LIME, or local interpretable model-agnostic explanations, was originally proposed by Ribeiro et al. (2016) to faithfully explain the predictions of any classifier or regressor by locally approximating it with an interpretable model.¹ In a sense, LIME assumes that any black-box model can be linearly defined on a local scale. Accordingly, LIME fits a simpler glass-box model around a single observation and simulates the behavior of the global model around the locality of the single observation.

How does it work?

LIME accomplishes this task almost like by applying bootstrapping around a prediction. Let's say we have a main black-box model that is trained on a dataset and has produced predictions. In the next section, Director uses a toy dataset where the outcome is the probability of a customer responding to a marketing campaign. Using this example, LIME's objective is to explain the contribution of each feature to the predicted probability for each customer. Using the language in this dataset, LIME works as follows:

For any observation to explain (for any customer's probability to respond), take the customer's data and generate (n) synthetic customers with some perturbations around the customer's feature values (dimensionality reduction to limit the number of features may be needed at this point)
As an intermediate step, calculate the distances between the original customer and the synthetic customers in the perturbed data, and convert the distance into a similarity score to be used as weights (synthetic customers that are closer to the actual customer are assigned larger weights)
Use the main model to predict the outcome in the perturbed data (predict the probability of cancellation for the synthetic customers)
Fit a simpler, explainer, model to the perturbed data (synthetic customers) that explains the outcome (the customer's probability to respond) using a subset of (m) most important features

Note that the weights in Step 2 are input to the model in Step 4. For example, if a LASSO model is used in Step 4, the weights from Step 2 make it a weighted LASSO. Because LASSO serves as a feature selection algorithm, the output of Step 4 will contain only a subset of (m) most important variables. A decision tree can easily replace LASSO and the procedure would be the same.

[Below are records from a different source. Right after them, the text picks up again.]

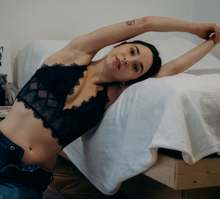 Load image into Gallery viewer, Allure Cropped Cami (Navy)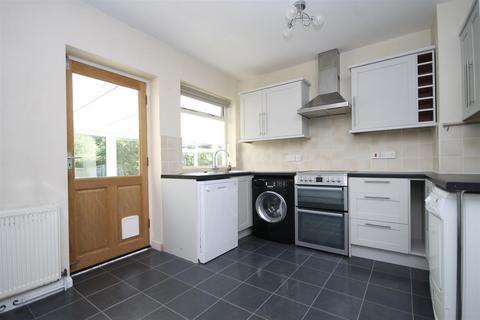 1 Willow Vale, Fetcham, Leatherhead, KT22 9TE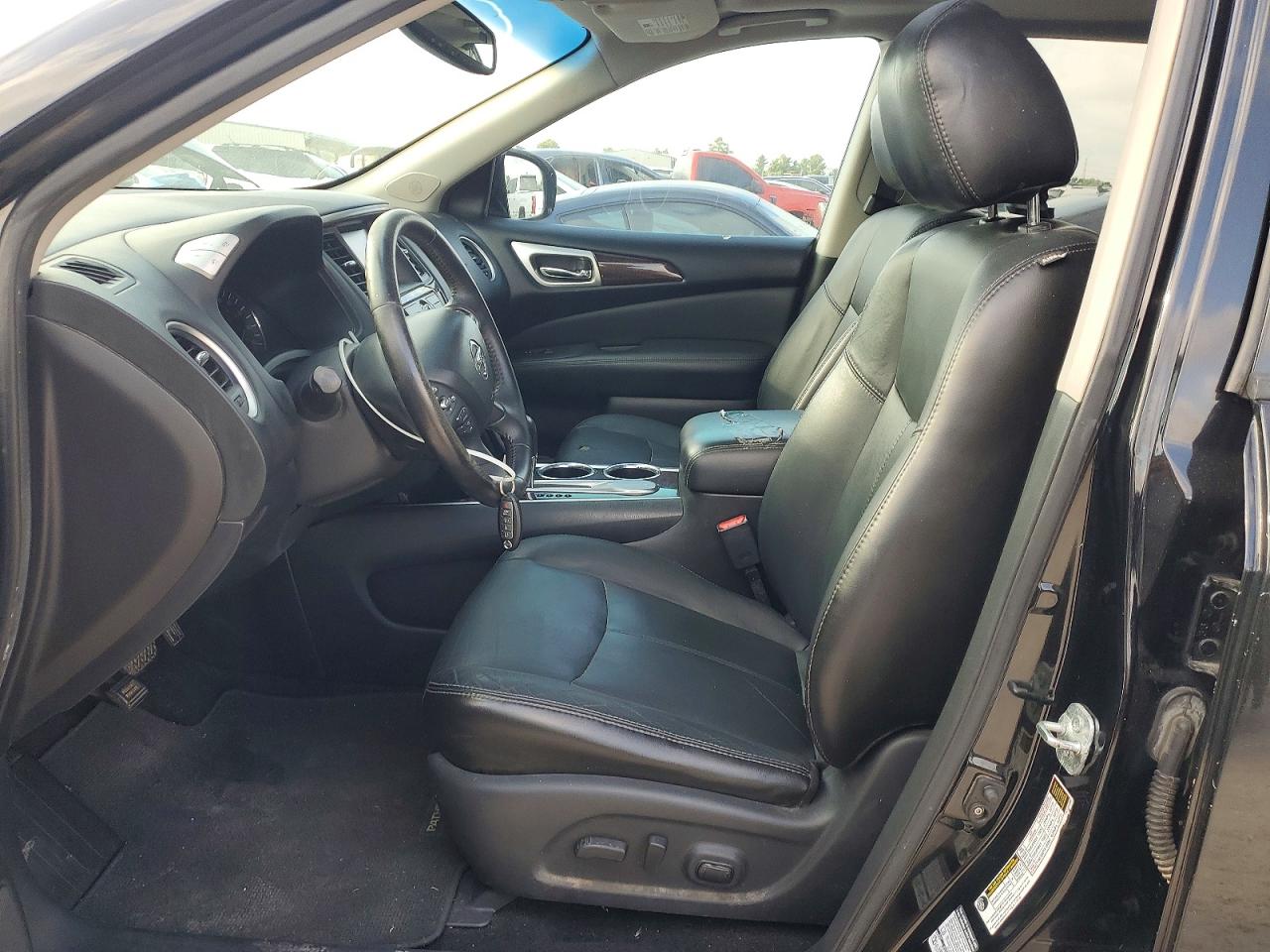 2014 Nissan Pathfinder Sl Черный vin: 5N1AR2MN5EC636782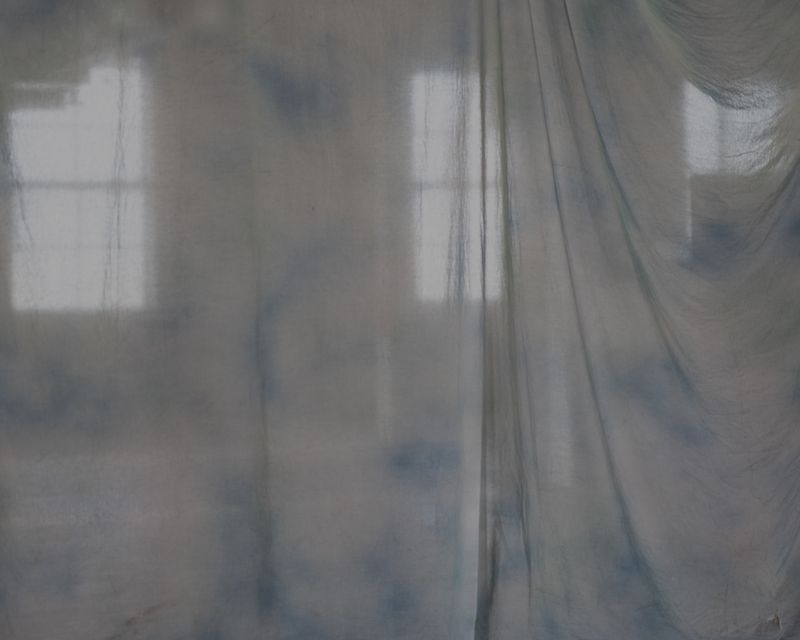 © Ruth Lauer-Manenti - blue cloth old hallway #8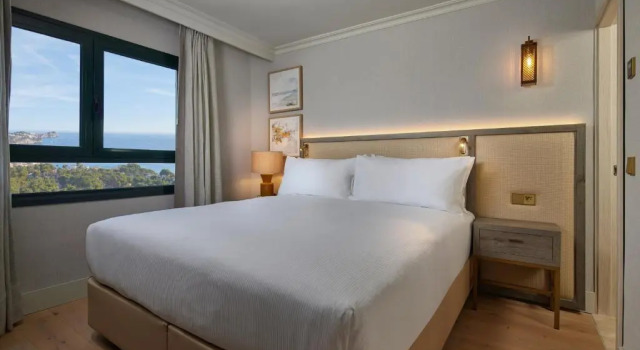 Семейный люкс Hilton Mallorca Galatzo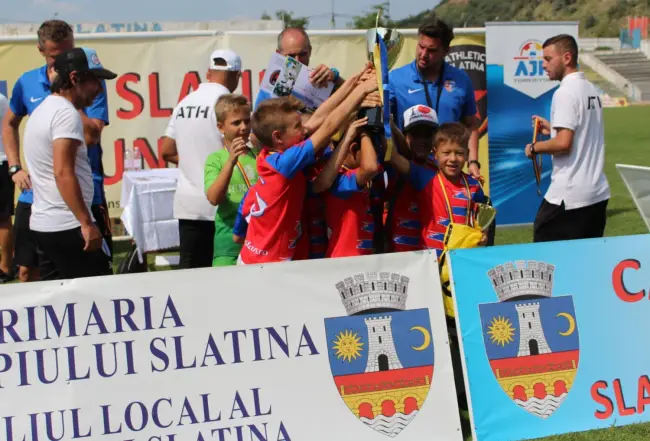 Foto FOTO&VIDEO. Performerii Slatina Junior Cup, la cele cinci categorii de vârstă, premiaţi pe Stadionul „1 Mai”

Formally, LIME would use the following pseudocode when the explainer is a weighted LASSO:

Input: x* - observation to be explained with all features
Input: N  - sample size for the explainer model 
Input: K  - the number of most important features
Input: Similarity - output of a distance function

Let f() is the black-box model and
x' = h(x*) be a version of x* after dimensionality reduction (only if needed)

for i in 1...N {
  z'[i] <- sample_around(x') 
  y'[i] <- f(z'[i])       # prediction for new observation z'[i]
  w'[i] <- similarity(x', z'[i]) 
}
return K-LASSO(y', x', w')

Like most data-driven approaches to model explanation that don't include a conceptual model to guide the process, LIME suffers from a lack of robustness. In addition to the expected sensitivity due to hyperparameter selection, LIME explanations become increasingly unstable as model complexity increases. Perhaps more importantly, the explanations are highly sensitive to the feature values of the original observation (Alvarez-Melis and Jaakkola, 2018). That is, LIME changes its explanations even when the feature values change only slightly (e.g., a customer who is 27.5 years old instead of 28).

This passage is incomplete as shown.